11) Explain the factors which many lead to a rise in the exchange rate of a currency within a floating exchange rate system
Define Exchange Rate – The exchange rate between two currencies is the price of one in terms of the other for example the price of a dollar($) expressed in sterling (£) is 50p the rate exchange or £1=$2
What factors can affect the rise for the exchange rate:
Inflation Rate: If our inflation rate is low compared to other countries meaning our prices of our goods and services are not rising as fast as other countries. This would mean our prices for domestic goods would be lower and therefore more price competitive. Therefore people outside from the UK could demand more Pound Sterling in order to buy the UK goods. This would cause our sterling to increase in value- therefore appreciate.
Interest Rate: If the UK had a high interest rate- the cost of borrowing or the incentive to save this would mean that foreign people would tend to want to store their money in the UK Banks. Therefore demanding more UK Strerling as they will get a better return for their savings. This would also cause the pound to appreciate.
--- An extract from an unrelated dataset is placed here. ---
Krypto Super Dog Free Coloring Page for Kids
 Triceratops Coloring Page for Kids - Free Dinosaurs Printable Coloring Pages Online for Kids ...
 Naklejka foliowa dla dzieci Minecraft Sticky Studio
Speculation – Speculation is where people buy currencies in the hope in the future they will rise. So if speculators see the the Pound Sterling will rise in the future it will anticipate and buy more pound sterling. Therefore the demand for pound sterling will rise; hence the value and speculators have made money out of this. Showing it is not all about economic fundamentals like inflation but could be just the financial markets effecting it.
Change in competitiveness– This shows similar factors to inflation rate however if the UK goods have improved in quality and become more attractive this would attract the foreign countries to buy their goods. Therefore there be more demand for pound sterling leading to an appreciation.